AI tools have different properties than classical computer tools, reflecting the technology they are built on. One way to think of classical computer programs is that they are a series of “If X is true then do Y, otherwise do Z”, where Y and Z are in turn “if-then-else” constructs. Reducing a problem to a program is finding the series of “if-then-else” steps required until Y and Z are something that the computer hardware can do. While programs can be incredibly complex, if you have the program’s source code and know what it is acting on, you know what it will do.
AI tools are built on neural networks, which, as one might guess, are inspired by how the human brain works (a “network” of neurons). A neural net is “trained” by repeatedly presenting it with “training data” – a collection of inputs/output (or stimulus/response) pairs. During training, the neural network’s training algorithm adjusts parameters so that, for a given input/stimulus, the output/response is repeatedly closer to a desired output. While neural networks are themselves programs, the “program” of an AI model is actually in its parameters (weights). Unlike a classical program whose algorithm is designed by the programmer and then laid down in code, a neural network “programs” itself during the training process. While this relieves the programmer of coming up with algorithms, it also means that for networks of any moderate complexity, the actual algorithm is not known. While the operation of the network can be observed and traced, its “algorithm” cannot be expressed in a manner meaningful to humans.
Neural networks and traditional programs operate in fundamentally different ways. One way to think about neural networks is that they operate on patterns, where a pattern could be an image (a pattern of pixels) or some text (a pattern of words). Their outputs can be thought of as probabilities. If you present an image (a pattern of pixels) to a neural network that has been trained to detect dogs, its output might be the probability that there is actually a dog in the picture.
While classical programs excel at problems that can be reduced (by their coders) to binary logic and if-then-else steps, the current brand of neural network AI excels at problems that can be reduced to patterns and probabilities. Typically, the latter are problems that computer programs struggle with. The reason is that patterns can be “fuzzy”. Writing a program to detect dogs from a pattern of pixels, for example, is incredibly difficult. There are many types of dogs, and even the same dog can be represented by quite different patterns of pixels in various photos. No two pictures are identical, and can be quite different. Neural network training hands the problem of finding a “dog detection” algorithm over to the training process. The “hard part” is presenting the network with sufficient examples of dogs (and non-dogs) so it “learns” what a dog is.
This all sounds great, right? Neural networks effectively “program” themselves! Well, there’s a downside. While neural networks excel at patterns and “fuzzy” inputs, they also produce “fuzzy” outputs – the outputs of a network are probabilities. Let’s go back to our dog-detector neural network. You feed it a bunch of photos with dogs, birds, and people. Since this is supposed to be a dog detector, the desired output for dog pictures is 1.0, and the desired output for photos without dogs is 0.0. After training, you test the network. The dogs tend to get outputs close to 1.0 (“dog detected”). The people tend to get outputs close to 0.0 (“not a dog”). Then you feed it a bunch of photos with cats. The outputs are close to 0.7. What does this mean? The network’s training data didn’t include cats. Its world consists of dogs and humans. The cat is closer to a dog than a human, so the output leans in that direction. But not with as high a confidence.

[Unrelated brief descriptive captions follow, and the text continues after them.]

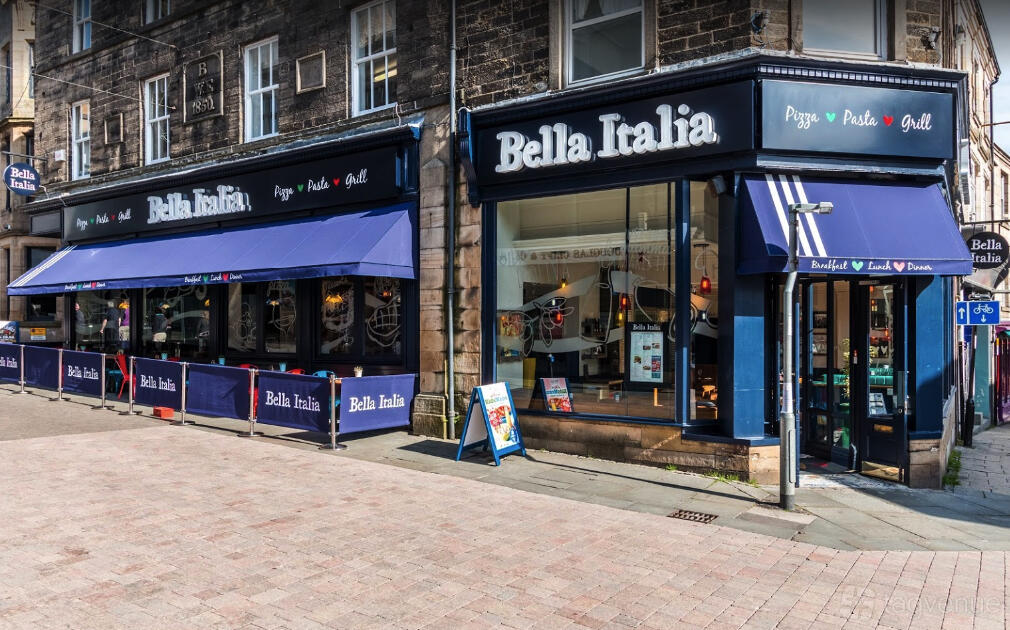 Bella Italia West - Fort Worth, TX 76107-4834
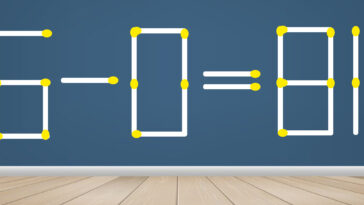 Défi mathématique : Boostez votre QI en 60 secondes en déplaçant juste 2 allumettes !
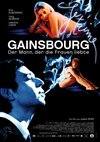Poster Gainsbourg - Der Mann, der die Frauen liebte 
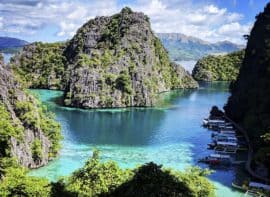 Diving Philippines Palawan Coron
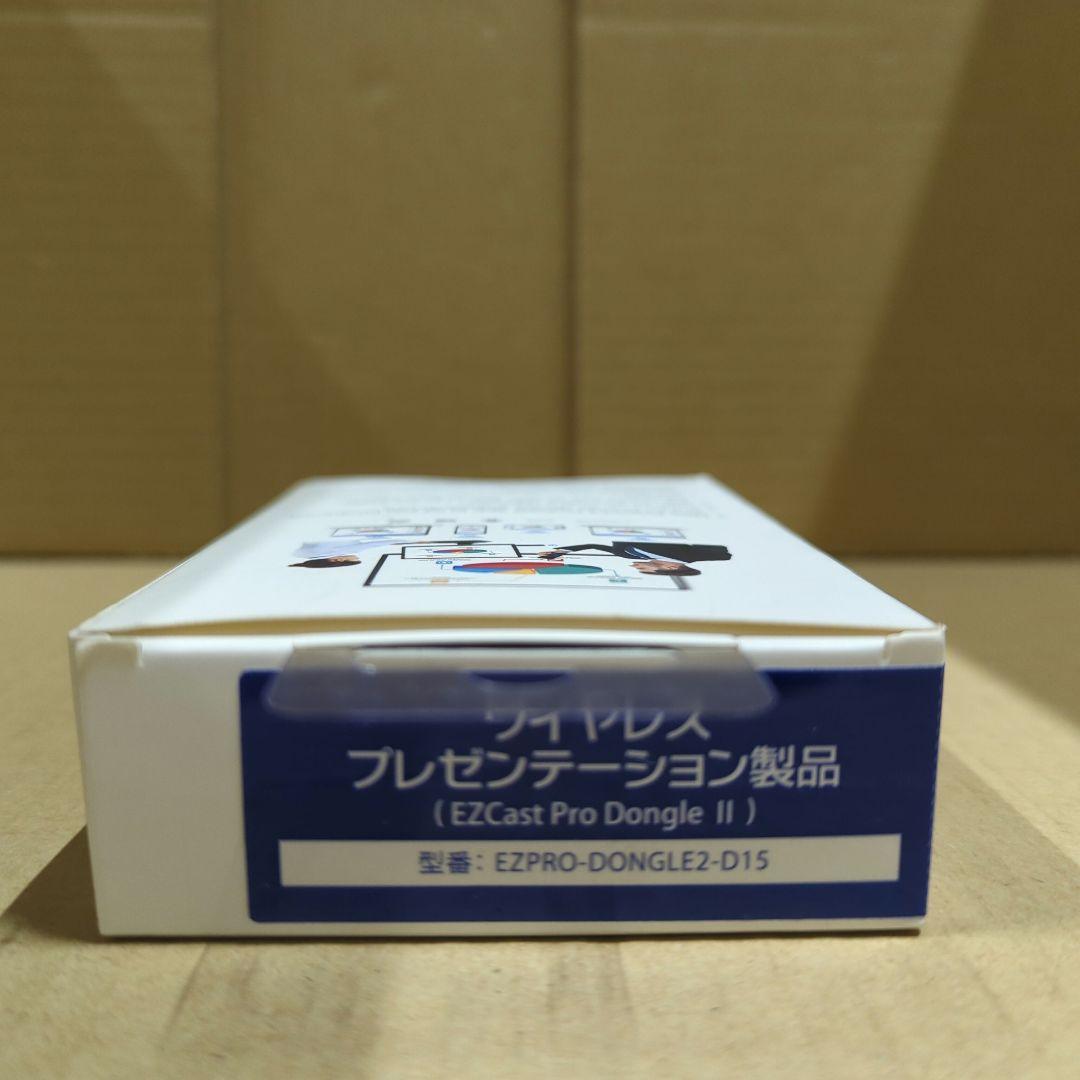 新品プリンストンワイヤレスプレゼンテーション EZPRO-DONGLE2-D15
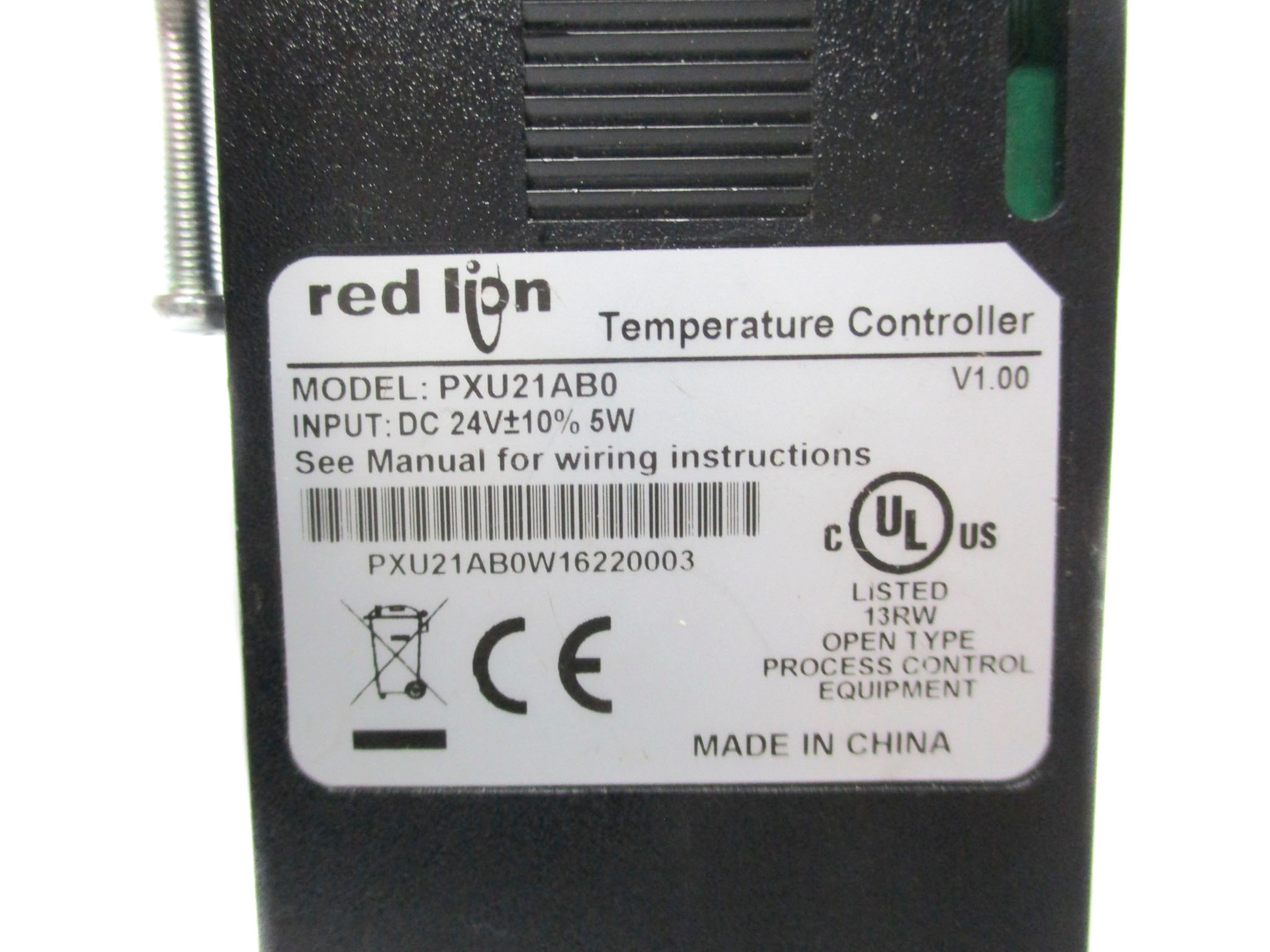 RED LION PXU21AB0 UNMP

From here, you can guess how neural networks can “hallucinate”. It’s not that the network went totally off the rails – but it can only do as well as its training. And things can get increasingly convoluted with large neural networks, which can be thought of as multiple neural networks feeding into each other. One low-confidence “conclusion” can ripple through the network, with increasing inaccuracy at each stage.

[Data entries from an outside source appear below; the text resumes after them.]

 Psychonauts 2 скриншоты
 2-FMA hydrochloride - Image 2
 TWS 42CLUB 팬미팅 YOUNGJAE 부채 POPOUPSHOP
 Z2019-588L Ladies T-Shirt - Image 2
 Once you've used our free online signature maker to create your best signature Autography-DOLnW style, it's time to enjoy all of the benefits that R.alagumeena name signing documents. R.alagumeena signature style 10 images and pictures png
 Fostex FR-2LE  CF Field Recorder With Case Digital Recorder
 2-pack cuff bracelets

AI tools are usually a mixture of neural networks and classical programs. Users interact with the program, which turns around and uses neural networks for certain tasks. It then takes the neural network’s results and presents them to the user.

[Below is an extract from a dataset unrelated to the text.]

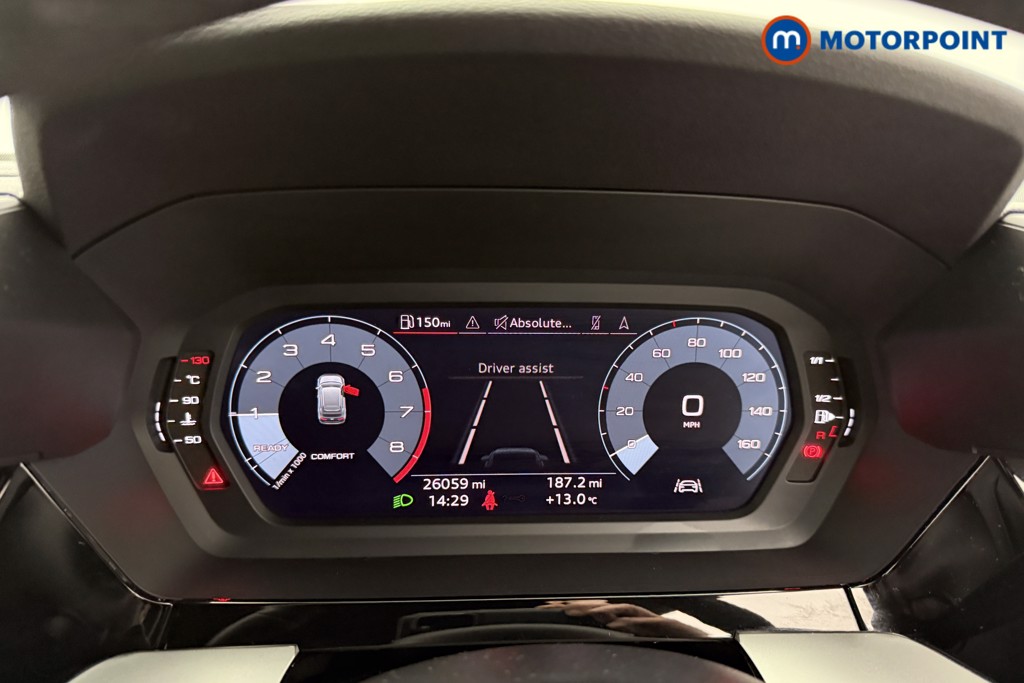 Audi A3 Sport Manual Petrol Hatchback - Stock Number (1596014) - 6th supplementary image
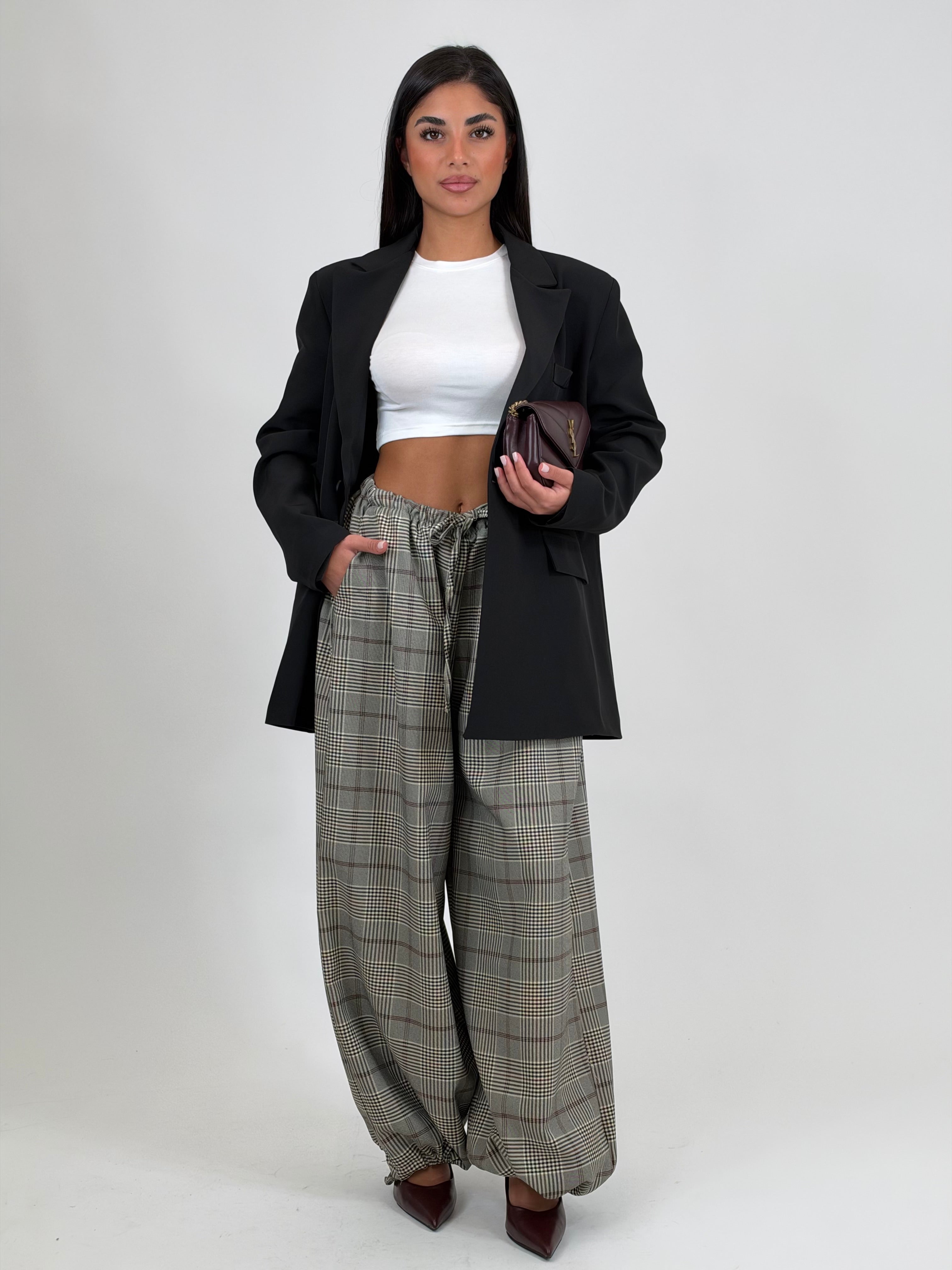 Pantalon chic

But that neural network component means that we shouldn’t interact with AI tools in the same way as regular computer programs. We implicitly trust computer programs to do what they’re supposed to do. And, in general, their actions are predictable and repeatable. When you take your dog to the vet, and the receptionist uses a program to look up your dog’s records, everyone trusts that all available records for your dog are brought up. Not someone else’s dog, and not only a subset of those records (unless the receptionist explicitly directed the program to filter them). On the other hand, if you asked a chatbot-type LLM (a rather evolved form of neural network) to display all of your dog’s records, it may or may not give the right answer. It may “forget” one or two. It may hallucinate some records. It may present some records inaccurately (depending on the exact model, training, and data sets the chatbot is based on).
It is better to think of an AI tool as a human assistant (like a secretary or student helper). When first working with the tool, you supervise and monitor its results frequently. Over time, trust is developed for certain types of tasks. You gain an understanding of what it’s good at – and what it’s not.